Par la rédaction de The Cradle, le 5 mars 2026
Les poursuites révèlent ce qu'on appelle le "huitième front" d'Israël, une initiative numérique destinée à influencer l'opinion mondiale en faveur d'Israël & diffamer ceux qui s'opposent au génocide à Gaza.
La machine de propagande mondiale d'Israël fait face à une pression juridique croissante après que des influenceurs, des consultants et des entreprises médiatiques ont intenté des poursuites judiciaires pour plusieurs millions de shekels contre le gouvernement israélien, l'accusant de ne pas avoir payé le travail effectué pour soutenir sa campagne de communication internationale pendant le génocide perpétré par Israël à Gaza, a rapporté le Calcalist le 5 mars.

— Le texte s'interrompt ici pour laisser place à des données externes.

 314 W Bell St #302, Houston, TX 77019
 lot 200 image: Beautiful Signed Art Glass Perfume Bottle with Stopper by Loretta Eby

Selon Calcalist, bon nombre des personnes impliquées affirment avoir été recrutées en urgence au plus fort de la 'guerre' pour promouvoir le discours israélien à l'étranger, avant de découvrir que le gouvernement n'a pas pris les dispositions nécessaires pour les rémunérer.
Les enquêtes ont depuis révélé de graves irrégularités au sein du cabinet du Premier ministre, qui a pris le contrôle de l'appareil de communication internationale d'Israël après l'effondrement du ministère de l'Information à la suite de l'opération Al-Aqsa Flood en octobre 2023.

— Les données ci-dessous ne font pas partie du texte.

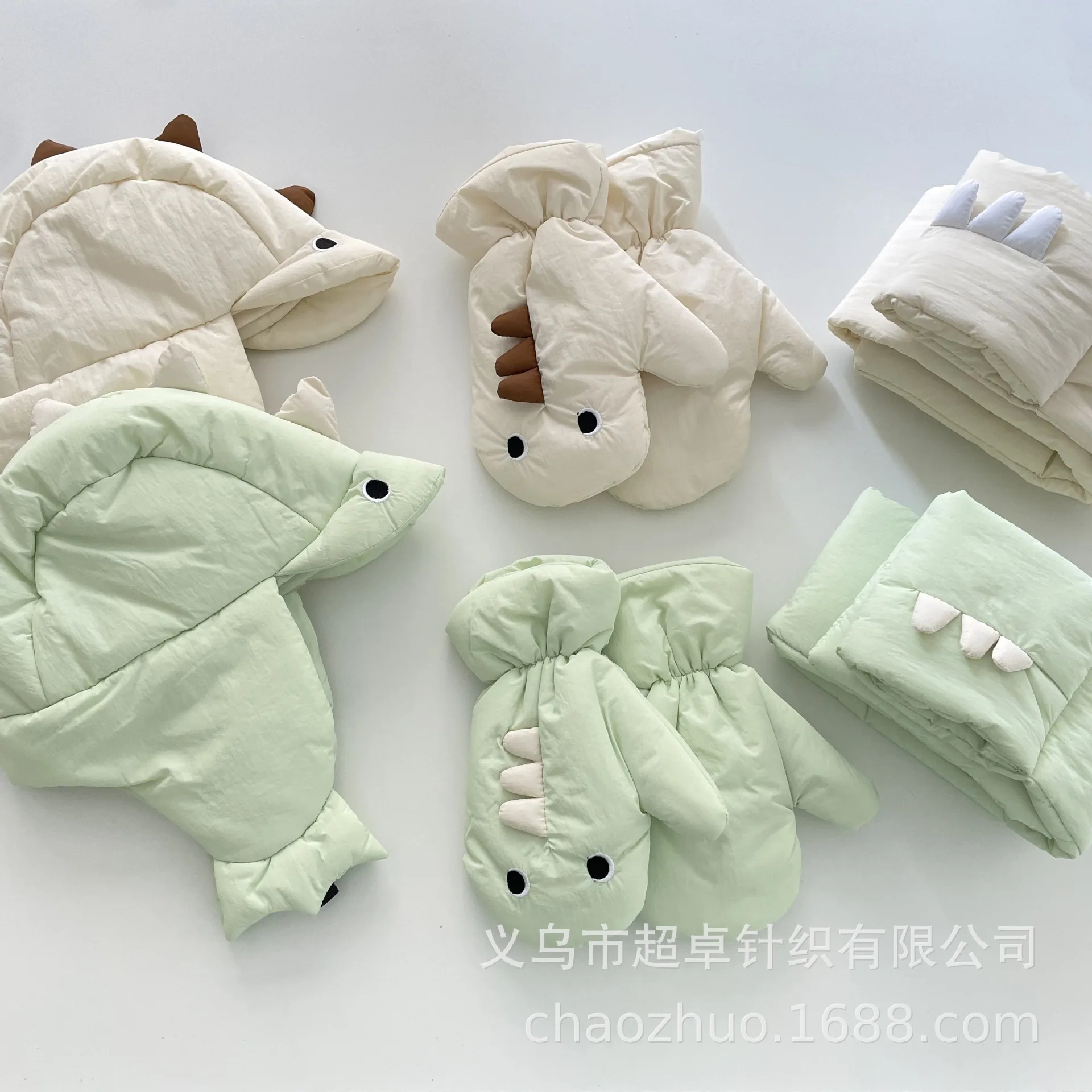 Children Ski Set Windproof and Warm Dinosaur Lei Feng Hat Gloves Scarf Three Piece Set Autumn Winter Warm Hat Set
Children Ski Set Windproof and Warm Dinosaur Lei Feng Hat Gloves Scarf Three Piece Set Autumn Winter Warm Hat Set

Les responsables auraient contourné les procédures d'appel d'offres officielles et préféré prolonger les contrats existants avec des sociétés de production privées, qui ont ensuite servi de relais pour payer les commentateurs et consultants pro-israéliens opérant à l'étranger.
Plusieurs de ces entreprises affirment aujourd'hui que l'État refuse de régler ses dettes.

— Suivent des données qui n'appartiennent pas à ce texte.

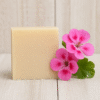 savon à l'huile essentielle de géranium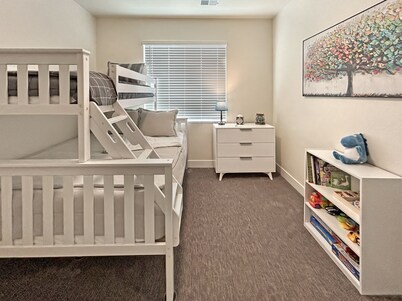 Founders Retreat Rest Reflect Revere 3 Bedroom Home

L'une d'entre elles, Intellect Production and Publishing Group, a intenté un procès pour obtenir environ 1,7 million de shekels (environ 552 000 dollars) après avoir pris en charge les frais de déplacement et les opérations médiatiques contre les manifestations pro-palestiniennes lors des audiences de la Cour internationale de justice (CIJ).
L'ancien porte-parole du gouvernement israélien, Eylon Levy, fait partie des personnalités qui affirment que le gouvernement leur doit encore de l'argent pour le travail effectué dans le cadre de la campagne de communication internationale d'Israël.
Selon le rapport du Calcalist, le salaire mensuel de M. Levy, qui s'élève à 41 125 shekels (un peu plus de 13 000 dollars), a été versé par l'intermédiaire de la société de production Intellect Production and Publishing Group, plutôt que directement par l'État.
Une autre société, Speedy Call, a mis en place un studio d'interview ouvert 24 heures sur 24 au sein du quartier général militaire de Kirya, utilisé par le Premier ministre israélien Benjamin Netanyahu et d'autres hauts responsables.
La société affirme qu'Israël refuse désormais de payer plus de 600 000 shekels (environ 200 000 dollars) pour neuf mois de travail.
Les litiges financiers qui agitent l'appareil de propagande israélien coïncident avec des révélations plus globales sur l'ampleur de la campagne de communication mondiale menée par Tel-Aviv pendant la guerre contre Gaza.
Des enquêtes et documents publics ont montré que des agences de relations publiques liées à Israël ont versé des milliers de dollars par publication à des influenceurs américains sur les réseaux sociaux pour promouvoir des discours pro-israéliens en ligne.
Des documents soumis en vertu de la loi américaine sur l'enregistrement des agents étrangers (FARA) ont révélé des paiements atteignant en moyenne 7 000 dollars par publication dans le cadre du "projet Esther", une campagne de propagande d'influence de l'opinion publique sur des plateformes telles que TikTok et Instagram en faveur d'Israël et à diaboliser ses opposants.
Israël a déjà organisé des visites d'influenceurs soigneusement orchestrées dans Gaza, invitant des personnalités des réseaux sociaux à visiter les sites de distribution d'aide gérés par la Gaza Humanitarian Foundation (GHF), un programme d'aide américano-israélien meurtrier, dans le but de contrer les reportages internationaux sur la famine dans l'enclave.
Ces visites ont été présentées comme la preuve qu'Israël facilite l'aide humanitaire, malgré les nombreux documents fournis par diverses organisations, dont l'ONU, montrant que la famine à Gaza était le résultat direct des restrictions systématiques imposées par Israël à l'aide humanitaire et de son obstruction à l'acheminement des secours.
Ces initiatives s'inscrivent dans ce que les responsables israéliens eux-mêmes ont qualifié de " huitième front" de la guerre, une bataille parallèle sur le récit et la perception sur les réseaux sociaux, publicitaires et les campagnes numériques basées sur l'intelligence artificielle, pour façonner l'opinion mondiale sur la guerre à Gaza.